Ook uit de Geschiedenis blijkt het groote nut der grammatikale Bijbelverklaring. Het verzuimen dier Bijbeluitlegging had ten gevolge bijgeloof, spitsvindige behandeling van nietigheden, en de onbepaaldste heerschappij van éénen mensch over ontelbare slaven. De Hervorming heeft, ook door grammatikale uitlegging des Bijbels, hieraan paal en perk gesteld. Nu en altijd blijft dan ook deze Bijbeluitlegging het beste en meest treffende wapen, om allerlei vijanden van licht te verstrooijen en te onder te brengen.
Doch boven dit nut, hetwelk die Bijbeluitlegging aanbrengt, verschaft zij uitnemend genoegen en velerlei ver- | |
| |
maak. Dit brengt alleen de grammatikale uitlegging te weeg. De Aesthetische verklaring, door velen zoo hoog opgevijzeld, en zonder de grammatikale noch nuttig noch grondig, wordt op den regten prijs geschat, en, in verband met de grammatikale uitlegging, als aangenaam en nuttig tevens voorgesteld. Daarop volgt bewijs uit de Geschiedenis, hoe aangenaam en vermakelijk het is, zelfs bij de grootste rampen en in den kerker, zich met grammatikale uitlegging des Bijbels bezig te houden. Met beroep op chrysostomus, luther, de groot, wijst van hengel ook dit nadrukkelijk aan. Dan, daar in de Godgeleerde Bijdragen, IIIde D. bl. 504 volg., 's mans voortreffelijke taal in het oorspronkelijke wordt medegedeeld, kunnen wij hier gerustelijk de pen nederleggen.

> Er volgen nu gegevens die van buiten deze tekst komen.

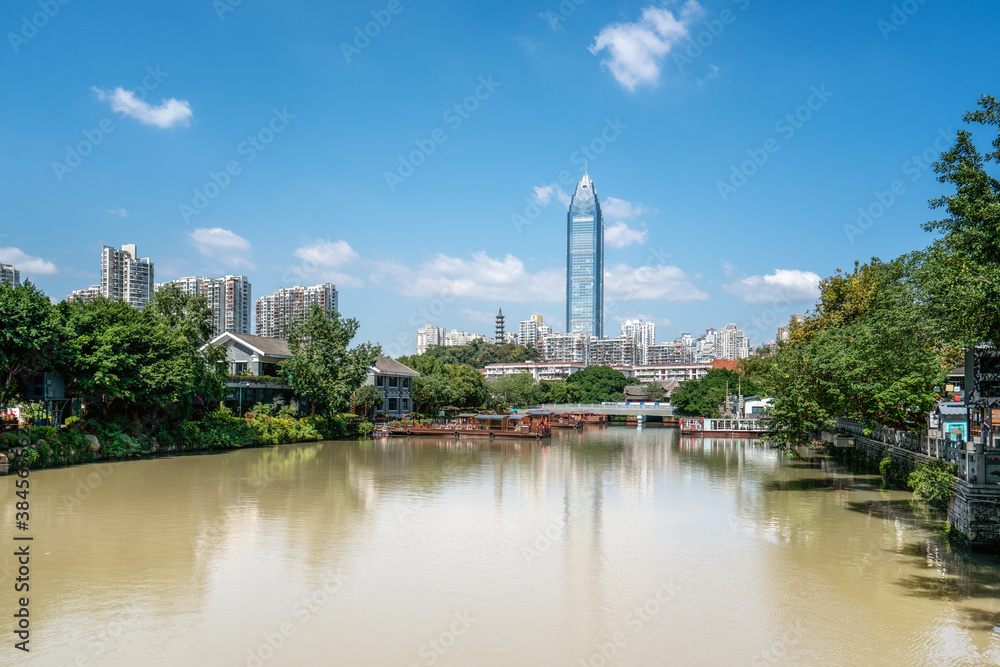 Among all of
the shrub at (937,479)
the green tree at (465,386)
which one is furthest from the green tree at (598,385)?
the shrub at (937,479)

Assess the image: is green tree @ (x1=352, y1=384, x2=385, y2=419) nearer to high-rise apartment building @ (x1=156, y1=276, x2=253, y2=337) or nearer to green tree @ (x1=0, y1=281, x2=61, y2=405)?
green tree @ (x1=0, y1=281, x2=61, y2=405)

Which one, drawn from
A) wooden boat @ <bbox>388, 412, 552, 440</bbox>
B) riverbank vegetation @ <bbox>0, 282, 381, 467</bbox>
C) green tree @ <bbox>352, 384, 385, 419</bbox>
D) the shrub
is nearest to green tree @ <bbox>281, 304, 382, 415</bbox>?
riverbank vegetation @ <bbox>0, 282, 381, 467</bbox>

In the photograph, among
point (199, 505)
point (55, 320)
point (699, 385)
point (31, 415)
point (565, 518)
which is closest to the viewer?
point (565, 518)

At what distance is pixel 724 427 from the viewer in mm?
55281

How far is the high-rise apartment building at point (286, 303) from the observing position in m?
97.4

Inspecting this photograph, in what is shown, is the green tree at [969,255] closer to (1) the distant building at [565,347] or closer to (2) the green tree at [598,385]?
(2) the green tree at [598,385]

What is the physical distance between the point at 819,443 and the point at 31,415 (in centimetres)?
4050

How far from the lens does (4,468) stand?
76.7 ft

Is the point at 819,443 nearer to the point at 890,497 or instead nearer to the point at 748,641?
the point at 890,497

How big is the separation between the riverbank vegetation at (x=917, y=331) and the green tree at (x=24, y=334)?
82.7 feet

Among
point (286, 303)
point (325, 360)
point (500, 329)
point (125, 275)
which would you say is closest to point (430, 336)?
point (500, 329)

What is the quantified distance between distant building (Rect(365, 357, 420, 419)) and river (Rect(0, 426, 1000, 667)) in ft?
99.5

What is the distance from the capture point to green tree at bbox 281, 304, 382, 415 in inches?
1661

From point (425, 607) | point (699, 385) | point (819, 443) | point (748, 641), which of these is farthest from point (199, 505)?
point (699, 385) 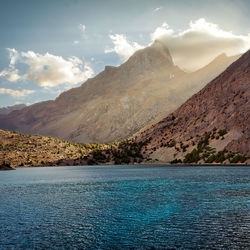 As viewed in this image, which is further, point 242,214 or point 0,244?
point 242,214

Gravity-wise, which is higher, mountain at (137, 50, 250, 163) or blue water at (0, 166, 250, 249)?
mountain at (137, 50, 250, 163)

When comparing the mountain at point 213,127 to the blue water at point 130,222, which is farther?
the mountain at point 213,127

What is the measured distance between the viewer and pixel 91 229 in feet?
90.0

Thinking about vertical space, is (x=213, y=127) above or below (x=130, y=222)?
above

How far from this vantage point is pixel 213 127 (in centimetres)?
15475

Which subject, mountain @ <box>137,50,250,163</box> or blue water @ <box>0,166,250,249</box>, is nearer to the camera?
blue water @ <box>0,166,250,249</box>

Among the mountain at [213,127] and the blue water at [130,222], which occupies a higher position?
the mountain at [213,127]

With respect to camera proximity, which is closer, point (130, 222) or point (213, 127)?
point (130, 222)

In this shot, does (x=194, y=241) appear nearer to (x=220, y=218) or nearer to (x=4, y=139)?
(x=220, y=218)

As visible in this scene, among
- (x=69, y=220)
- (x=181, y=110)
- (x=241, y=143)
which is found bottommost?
(x=69, y=220)

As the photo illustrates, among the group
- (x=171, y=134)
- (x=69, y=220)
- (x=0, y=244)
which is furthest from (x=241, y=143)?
(x=0, y=244)

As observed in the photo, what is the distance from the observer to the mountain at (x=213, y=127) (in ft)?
438

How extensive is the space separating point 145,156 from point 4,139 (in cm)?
9464

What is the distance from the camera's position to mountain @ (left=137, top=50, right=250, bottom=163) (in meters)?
133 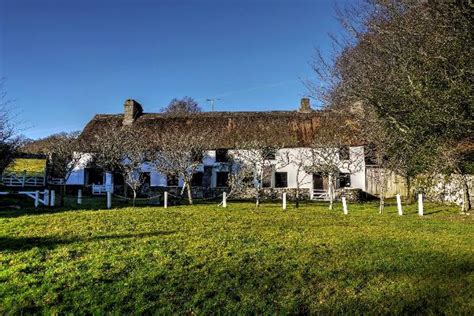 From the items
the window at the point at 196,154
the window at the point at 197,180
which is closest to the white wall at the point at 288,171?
the window at the point at 197,180

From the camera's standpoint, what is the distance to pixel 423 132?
26.9ft

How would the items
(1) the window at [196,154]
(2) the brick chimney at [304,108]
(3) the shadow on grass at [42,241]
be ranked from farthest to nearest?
1. (2) the brick chimney at [304,108]
2. (1) the window at [196,154]
3. (3) the shadow on grass at [42,241]

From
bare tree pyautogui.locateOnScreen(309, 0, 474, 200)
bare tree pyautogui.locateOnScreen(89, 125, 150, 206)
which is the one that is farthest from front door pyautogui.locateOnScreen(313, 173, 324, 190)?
bare tree pyautogui.locateOnScreen(309, 0, 474, 200)

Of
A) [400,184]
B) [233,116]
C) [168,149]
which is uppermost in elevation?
[233,116]

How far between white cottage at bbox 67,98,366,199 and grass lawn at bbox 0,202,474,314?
1575cm

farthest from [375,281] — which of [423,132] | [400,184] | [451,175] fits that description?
[400,184]

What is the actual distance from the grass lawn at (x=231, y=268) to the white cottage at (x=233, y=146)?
15753mm

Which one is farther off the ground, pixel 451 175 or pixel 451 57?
pixel 451 57

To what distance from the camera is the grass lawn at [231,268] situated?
597cm

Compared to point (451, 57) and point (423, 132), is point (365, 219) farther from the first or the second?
point (451, 57)

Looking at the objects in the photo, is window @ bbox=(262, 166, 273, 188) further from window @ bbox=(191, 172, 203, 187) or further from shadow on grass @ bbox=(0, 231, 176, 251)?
shadow on grass @ bbox=(0, 231, 176, 251)

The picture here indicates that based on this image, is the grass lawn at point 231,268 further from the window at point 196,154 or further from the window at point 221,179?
the window at point 221,179

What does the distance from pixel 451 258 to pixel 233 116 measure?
87.6ft

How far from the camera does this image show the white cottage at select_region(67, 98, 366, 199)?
2820 cm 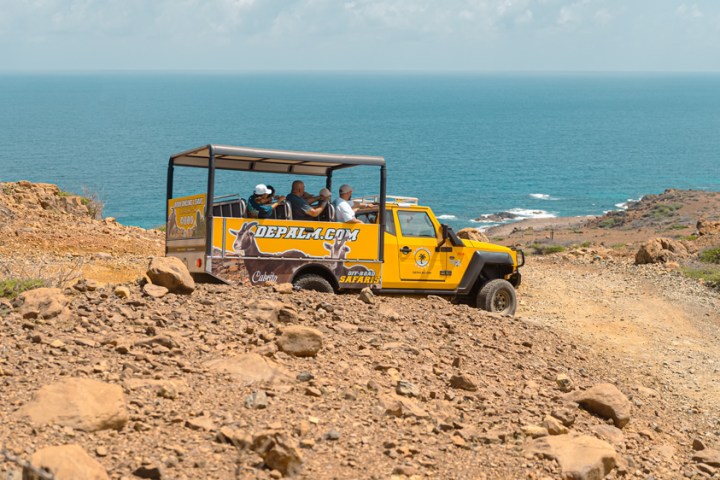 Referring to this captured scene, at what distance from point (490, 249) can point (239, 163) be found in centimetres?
461

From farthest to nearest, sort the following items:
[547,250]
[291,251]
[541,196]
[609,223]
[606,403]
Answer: [541,196] → [609,223] → [547,250] → [291,251] → [606,403]

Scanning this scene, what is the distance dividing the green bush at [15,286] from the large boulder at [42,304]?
71cm

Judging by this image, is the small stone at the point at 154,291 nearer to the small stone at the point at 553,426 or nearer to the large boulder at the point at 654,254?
the small stone at the point at 553,426

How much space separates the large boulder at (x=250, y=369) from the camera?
9305 millimetres

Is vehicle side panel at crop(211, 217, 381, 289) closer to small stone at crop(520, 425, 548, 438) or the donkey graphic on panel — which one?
the donkey graphic on panel

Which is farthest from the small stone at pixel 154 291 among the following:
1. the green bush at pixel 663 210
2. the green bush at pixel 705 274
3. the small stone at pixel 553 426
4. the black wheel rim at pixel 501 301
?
the green bush at pixel 663 210

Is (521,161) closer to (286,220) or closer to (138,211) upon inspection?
(138,211)

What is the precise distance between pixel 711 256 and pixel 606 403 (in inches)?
735

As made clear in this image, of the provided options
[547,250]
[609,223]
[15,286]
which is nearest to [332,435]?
[15,286]

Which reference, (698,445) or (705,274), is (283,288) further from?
(705,274)

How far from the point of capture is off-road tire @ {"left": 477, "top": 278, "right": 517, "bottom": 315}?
17.2 m

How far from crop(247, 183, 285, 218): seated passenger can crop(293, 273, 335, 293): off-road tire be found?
109cm

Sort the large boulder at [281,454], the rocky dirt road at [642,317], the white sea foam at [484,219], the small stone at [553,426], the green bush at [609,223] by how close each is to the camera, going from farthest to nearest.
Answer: the white sea foam at [484,219]
the green bush at [609,223]
the rocky dirt road at [642,317]
the small stone at [553,426]
the large boulder at [281,454]

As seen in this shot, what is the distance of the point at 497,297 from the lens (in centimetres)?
1742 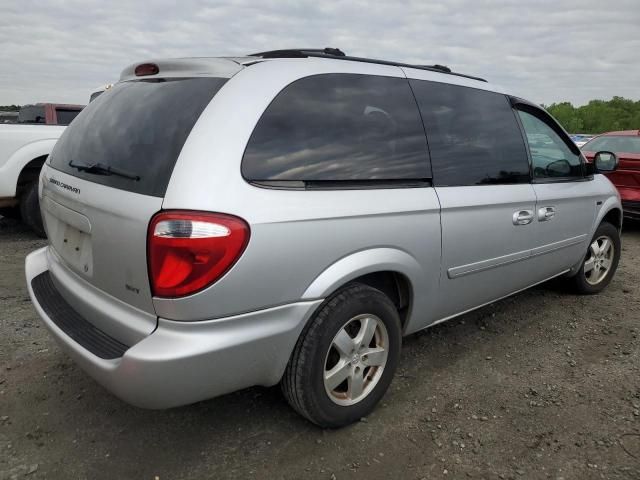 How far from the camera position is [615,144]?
7422 mm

Wij voegen hierbij niets, dan deze opmerking. Hoe ook de duisternis woelt tegen het licht, en de achting voor Nederlandsche Hoogleeraren zoekt te beknibbelen, wij danken Gods voorzienigheid, dat Hij, ook in van hengel en rooijens, zulke uitmuntende Leermeesters heeft geschonken aan Neêrlands jongelingschap, welke tot de H. bediening wordt opgeleid. Want, al leert de aankomende Bijbeluitlegger door hun onderwijs veel als leer-vorm kennen, wat te voren als leer-stuk hardnekkig werd voorgestaan, als hij tot zulk eenen grammatikalen Bijbelverklaarder gevormd wordt, als van hengel heeft geschetst, zal het wezenlijke des Christendoms, naar de teekening van rooijens, telkens meer uitkomen, en voor ondergang telkens minder doen vreezen. Faxit Deus!